I feel we've reached the stage, you know, when we have become so soft, you know, so effete, in other words, so effete, that we feel that, well, even criminals.....erm, must be mollycoddled. And you feel so strongly that you are prepared to go as far as to say that... Yes. ..there are human beings who should be categorised as vermin. As vermin, exactly, quite. Anyone who is guilty of violence on the human person and property, should be considered as human vermin, and eradicated. I know it's a rather, it's a violent thing to advocate, but I can't see any other cure to the crime problem. Every evening, he sat with his wife in his house in Surrey, listening to the music of Wagner. Until one night, Mittelholzer walked up the hill by his house, poured paraffin over himself.....and set himself alight. He burned to death. The anger and the fear had reached out to the colonised too.
In 1966, engineers monitoring Chinese television from a mountain in Hong Kong, began to realise that something unusual was happening in Beijing. China was sealed off from the rest of the world. But what they saw were hundreds of thousands of people streaming in from other cities and the countryside. By August 11th, 1.5 million people had assembled in Tiananmen Square. Most of them were students or schoolchildren. Then, Mao Zedong appeared on the balcony above them. Mao Zedong and his wife, Jiang Qing, had unleashed a new force in China. These were what Mao called, "The little devils of youth." He told them that they were going to save the revolution. Their job was to go and seek out the demons and the monsters who were corrupting the revolution. "No-one should be safe," he said, "They should all be torn "down and smashed to pulp."
The new revolutionaries gave themselves a name, the Red Guards. Jiang Qing now had great power. She saw herself as equal to Mao. But she was convinced that the threat to the revolution also came from inside people's minds. She knew that even though China had gone through a revolution, little had changed inside the heads of millions of the people - including those in power. They still believed in a rigid hierarchy. She had been scorned as a woman by the other revolutionaries around Mao. They had done anything they could to stop her. Jiang Qing had rewritten old Chinese operas into epic melodramas about the need to challenge and destroy the old order. All the old figures of authority were banished. Instead, the ordinary people, including women, took centre stage. They were performed to millions of young Red Guards, and in talks before the performances, Jiang Qing told the audience how what they were about to watch were heroes awakening and realising that they could take control.
Till today, I still vividly remember the first time I saw the revolutionary play. I was about 14 or 13 years old.....and there was a rush of emotion, of identity.

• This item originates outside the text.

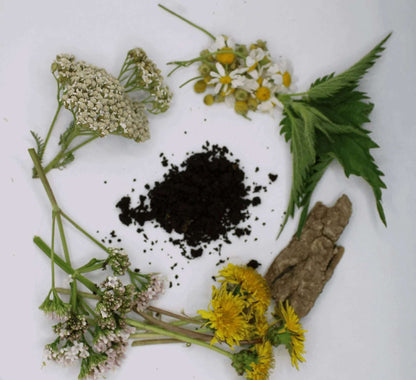Biodynamic Barrel Compound Preparation (BC) Spray Preparation - The Josephine Porter Institute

I was so excited. Suddenly... I saw those plays after Jiang Qing's talk that night. And suddenly what she was saying made sense to me, that there was a fundamental difference between the revolutionary art and the traditional art. There was something in the play about the working-class emotions and working-class world outlook, and just the flamboyance of the working-class figure on stage, moved me. That is my society. That's my life. That's the people I see. That's the people I live with. And they're on stage. Mao and Jiang Qing suspended all schools and universities, which released 120 million students, who were then sent out to find and destroy the demons that were hiding among those in authority.
Our teachers were often paraded through the streets, and we made them chant, "I'm a demon, I'm a devil. "I deserve to die." That's the song, and they had to sing it. And they all sang. Whoever didn't, got beaten up - some very badly. We used our belts to whip them. Some people used sticks. And the mother of this teacher was pushed over a bridge and fell to her death. Horst Mahler had been born in what was now East Germany. His father had been a fervent Nazi and an anti-Semite. In 1945, his family fled across Germany from the approaching Red Army. Then his father committed suicide. Mahler grew up in West Berlin, and everything was buried. In 1964, Mahler joined a new group called the APO - the Extra-Parliamentary Opposition. They knew that many of those in charge of the country had been senior members of the Nazi Party. But no-one talked about it. They wanted to expose the Nazi crimes of those in charge.....and challenge their control of the country.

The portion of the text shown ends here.